Cash & Liquidity Management
Published  3 MIN READ
Please note: this article is over 13 years old. If you feel this article is inaccurate or contains errors get in touch here . Many thanks, TMI

From Cash Management to Cash Flow Management

An interview with Arne Borkowski, Regional Head International, Cash Management & International Business, Commerzbank AG

How would you characterise advisory services available from banks today?

While banks have been developing their client advisory services over recent years, this is still predominantly ‘silo’ based, covering specific areas, such as cash management or electronic banking. This approach has some benefit in that it helps clients to optimise a particular aspect of their treasury activities; however, it ignores the wider spectrum of interconnected functions for which treasurers are responsible. Risk management, cash and liquidity management, financial supply chain management, funding and capital structure are all essential priorities of today’s treasury, so advisory services need to recognise these diverse but closely related issues.

What progress has been made towards this holistic approach to client advisory services so far?

Some banks have recognised that their advisory services, and indeed solutions, need to cut across functional silos. However, while this may be a strategic objective, few if any have yet progressed substantially towards delivery of a comprehensive, cross-disciplinary advisory service. The first step for some has been to break down the various elements that contribute to cash management, such as trade, export finance etc. but there is still a long way to go.

What demand for advisory services are you seeing from your customers?

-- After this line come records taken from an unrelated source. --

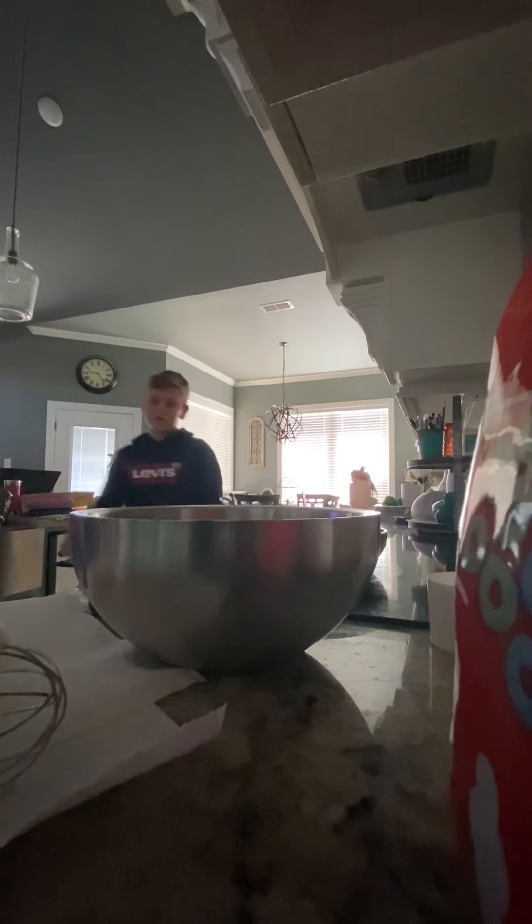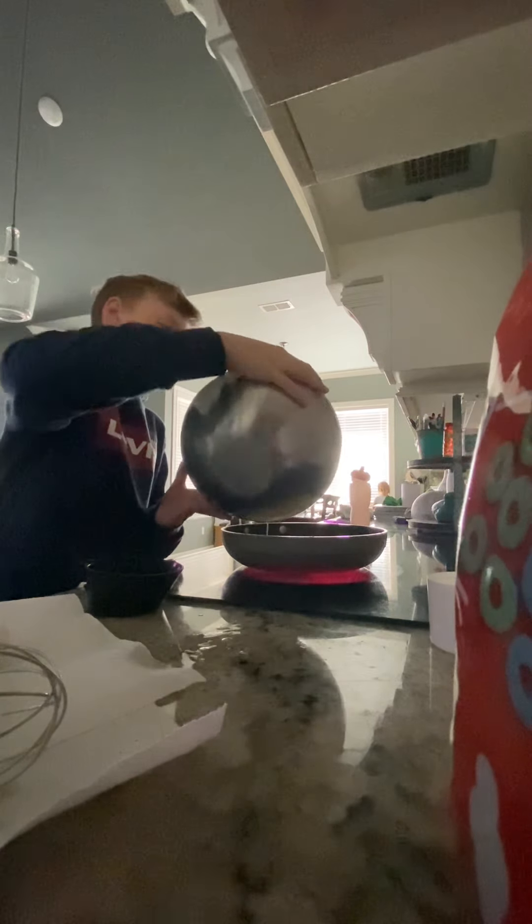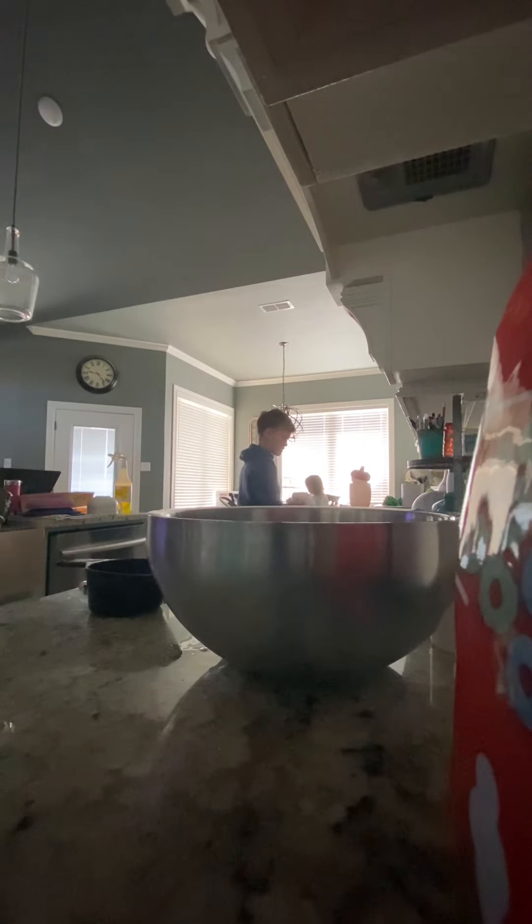Okay guys, I'm going to put it on the heat. Then we're going to dump our eggs in here. There you go, there's our egg mixture. Now we have to wait.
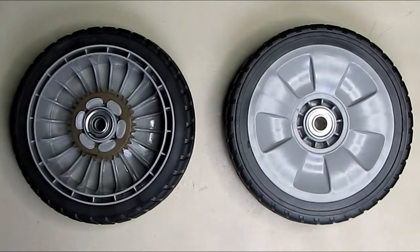Hello again, this is Robert Veach. This is my video review of a set of two replacement wheels for my Honda lawnmower. I have a Honda HRB 216 TDA lawnmower that I've had for probably 12 to 13 years — it still runs great, but the wheels have really worn down.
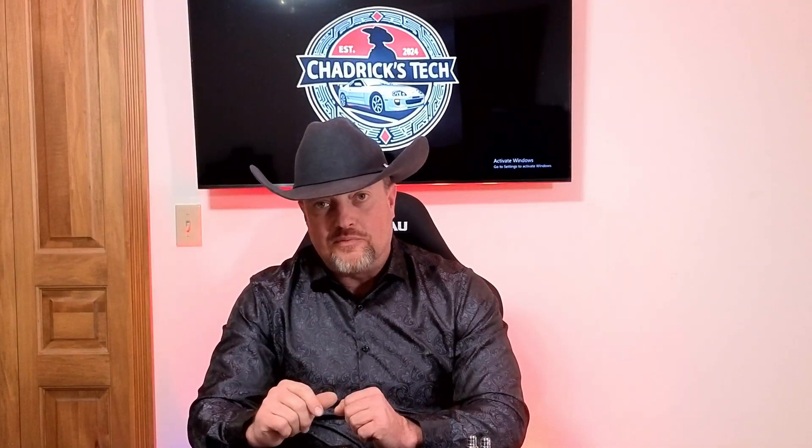I had so much fun the first time, I'm a glutton for punishment, and we're going to do it with the AMD side. Hang with me.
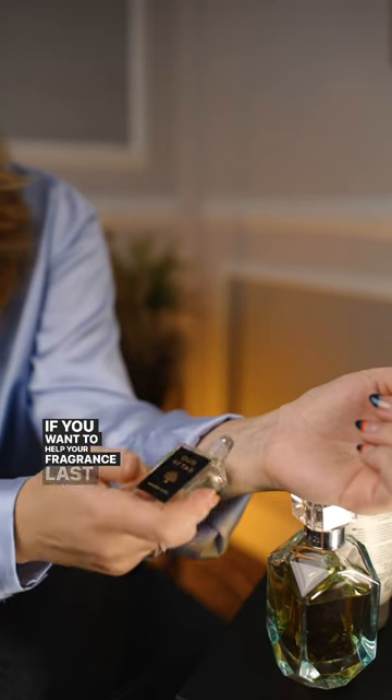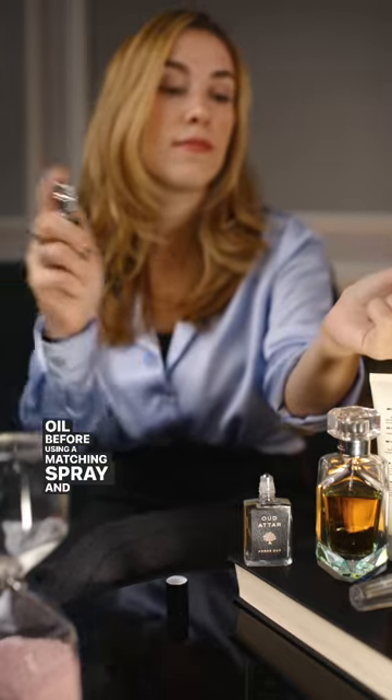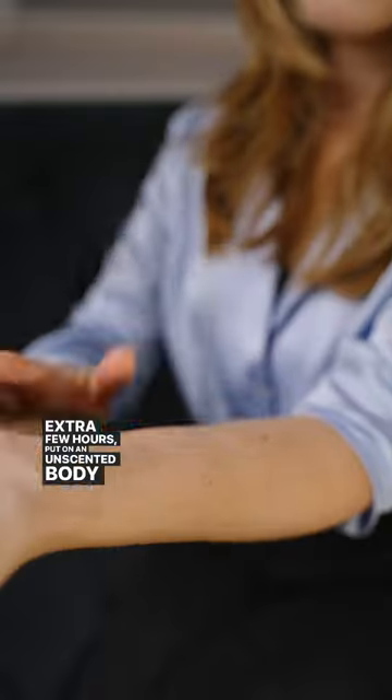If you want to help your fragrance last longer, apply perfume oil before using a matching spray. And if you want to add an extra few hours, put on an unscented body lotion first, then apply some perfume oil, wait a few minutes, and add spray on top. Your skin will be extra hydrated and the fragrance will stick around for the maximum time.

The cash and risk management requirements of multinational corporates today are highly complex, with a wide diversity of countries, currencies, cash flow and interest rate structures to consider. While many treasurers recognise the value of advisory services to manage this complexity, they are often not aware that these services are available from their bank, and therefore they seek support from consultancies. However, this leads to a disconnect between the advice that a company receives and the solutions that they may ultimately implement with their bank. In reality, so long as a bank is able to provide the necessary expertise and inspiration, it is better to seek both advisory services and banking solutions from the same partner to ensure that project outcomes are aligned with objectives.